» DATASET SECTION
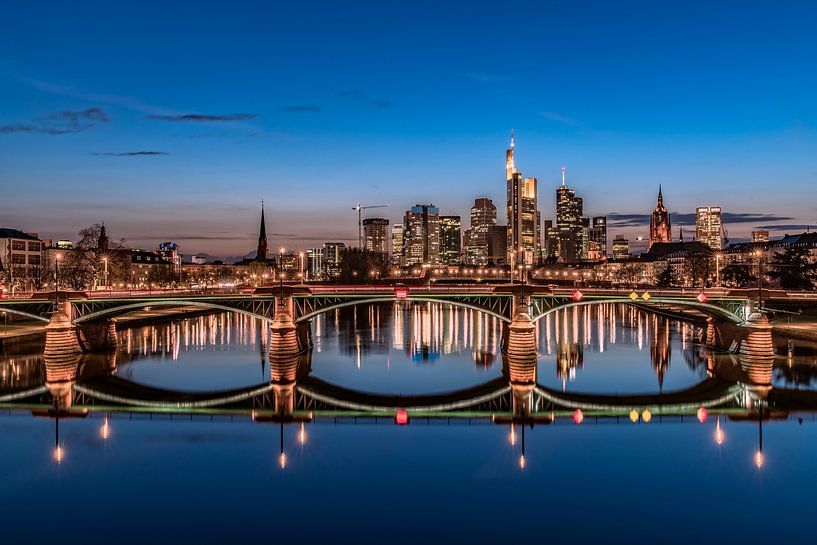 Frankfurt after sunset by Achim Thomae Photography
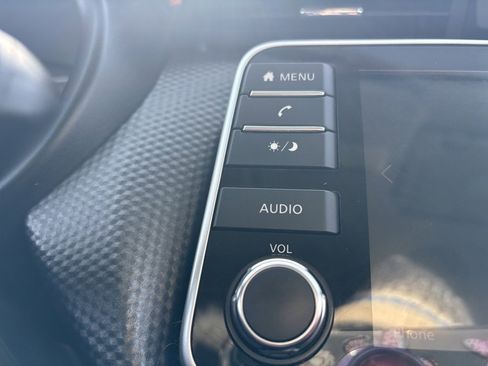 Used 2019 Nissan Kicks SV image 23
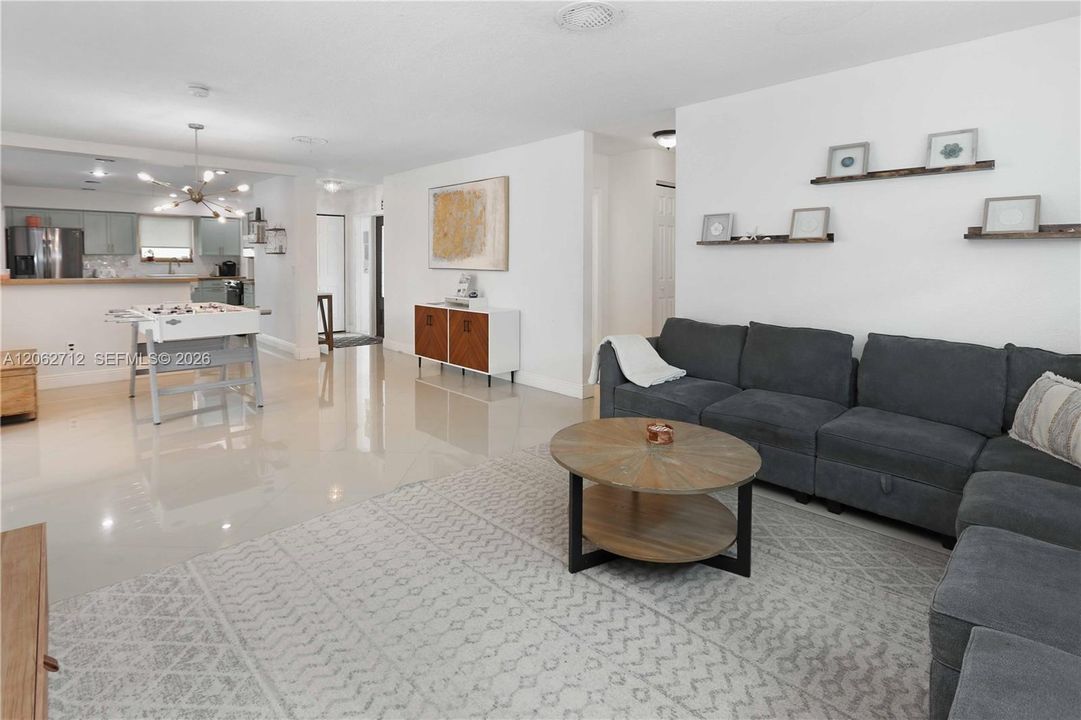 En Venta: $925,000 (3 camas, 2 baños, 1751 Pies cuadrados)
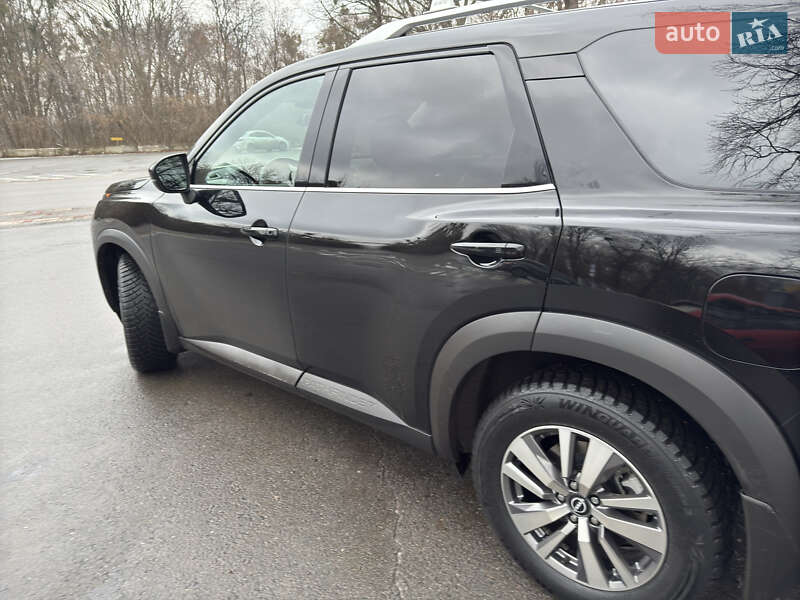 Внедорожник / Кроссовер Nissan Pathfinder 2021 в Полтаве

» WORK REQUIRED
Give back each line above verbatim, dropping every picture.

» ANSWER BOX
 Frankfurt after sunset by Achim Thomae Photography
 Used 2019 Nissan Kicks SV image 23
 En Venta: $925,000 (3 camas, 2 baños, 1751 Pies cuadrados)
 Внедорожник / Кроссовер Nissan Pathfinder 2021 в Полтаве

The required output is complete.